**EXERCISE INSTRUCTIONS**:
Find "Hi guys, it's", then copy its line and every later line of the entries exactly through the end, leaving all pictures out.

**GIVEN RECORDS**:
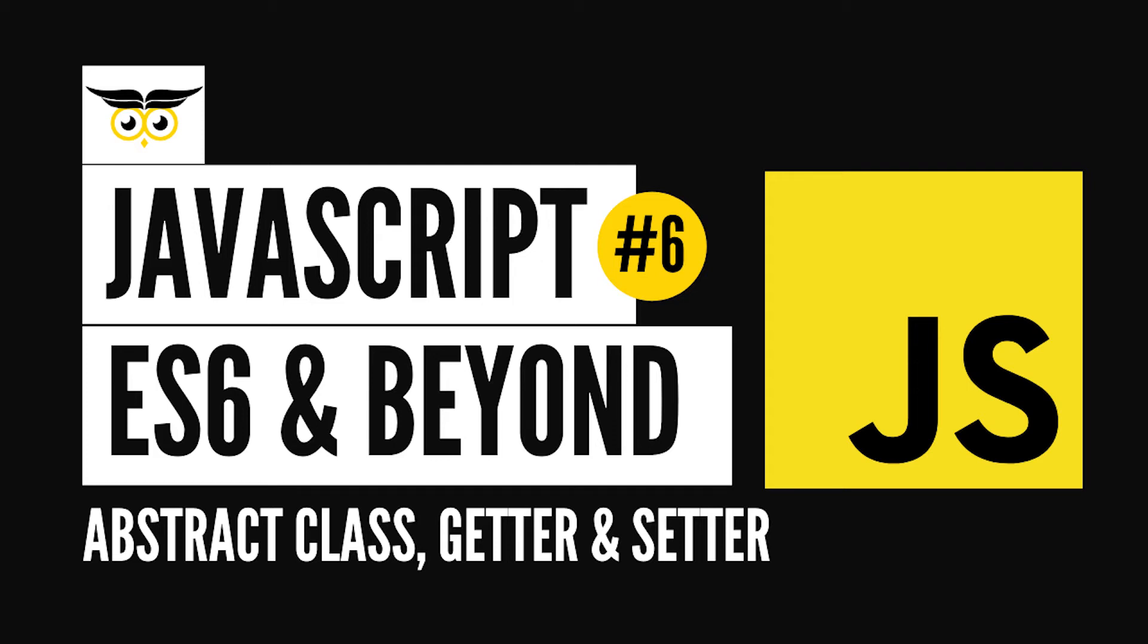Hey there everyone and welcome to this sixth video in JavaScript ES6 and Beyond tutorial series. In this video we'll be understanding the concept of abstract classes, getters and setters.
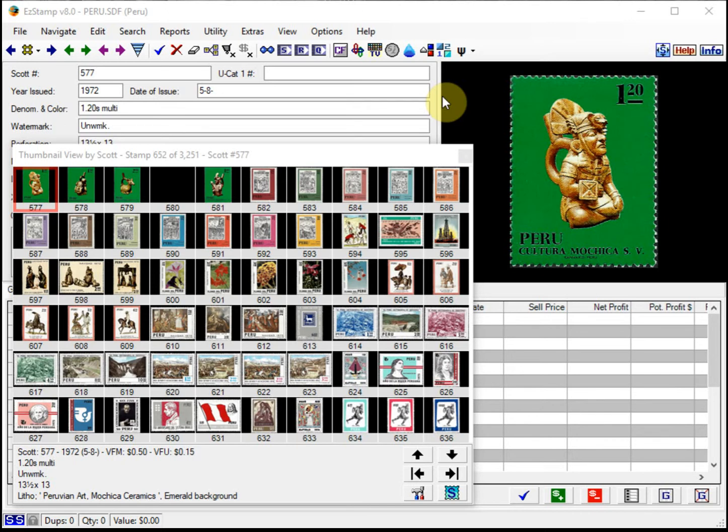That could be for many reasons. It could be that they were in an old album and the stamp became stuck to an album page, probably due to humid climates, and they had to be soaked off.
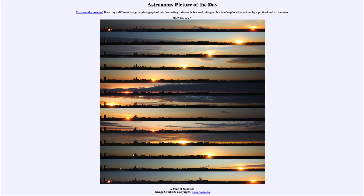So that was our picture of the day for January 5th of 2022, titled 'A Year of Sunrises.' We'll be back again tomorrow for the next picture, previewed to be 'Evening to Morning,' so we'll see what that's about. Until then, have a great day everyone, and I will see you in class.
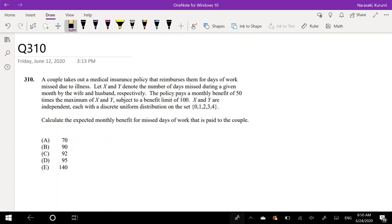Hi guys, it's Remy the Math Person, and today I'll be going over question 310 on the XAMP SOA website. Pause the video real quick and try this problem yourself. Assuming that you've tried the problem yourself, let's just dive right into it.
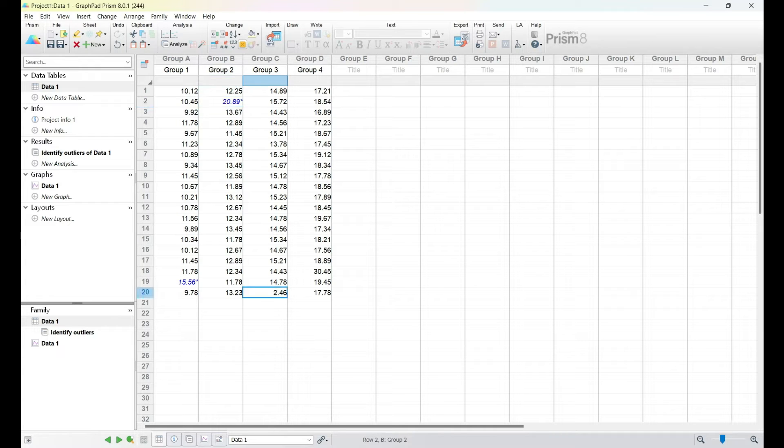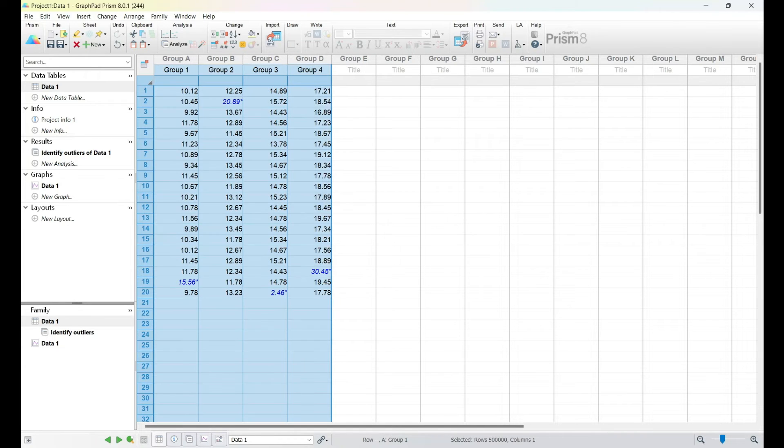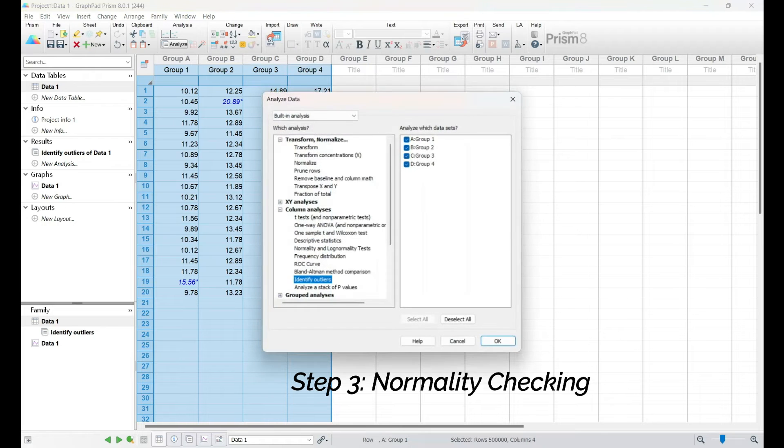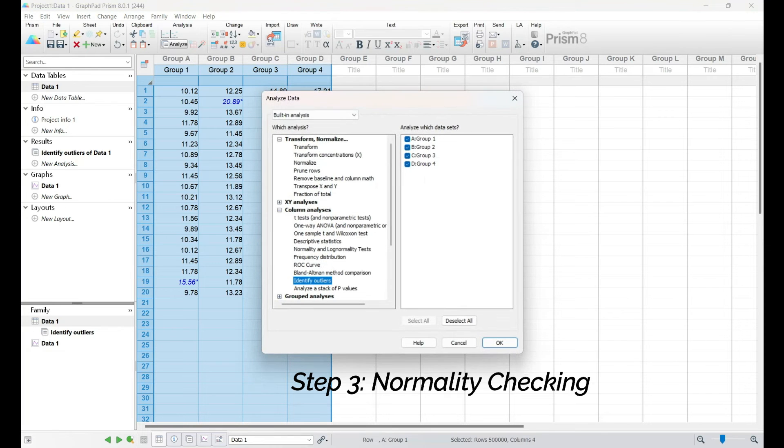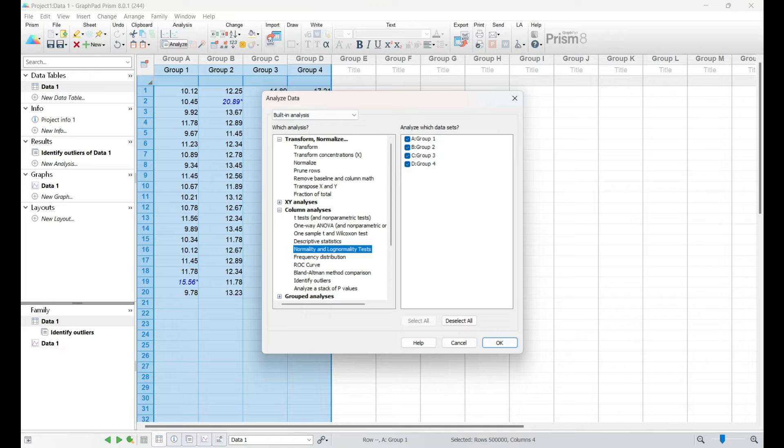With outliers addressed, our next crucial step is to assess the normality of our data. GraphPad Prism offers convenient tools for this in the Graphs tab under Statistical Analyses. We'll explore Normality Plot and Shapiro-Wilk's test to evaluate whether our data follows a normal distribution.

**COMPLETED TASK**:
Hi guys, it's Remy the Math Person, and today I'll be going over question 310 on the XAMP SOA website. Pause the video real quick and try this problem yourself. Assuming that you've tried the problem yourself, let's just dive right into it.
With outliers addressed, our next crucial step is to assess the normality of our data. GraphPad Prism offers convenient tools for this in the Graphs tab under Statistical Analyses. We'll explore Normality Plot and Shapiro-Wilk's test to evaluate whether our data follows a normal distribution.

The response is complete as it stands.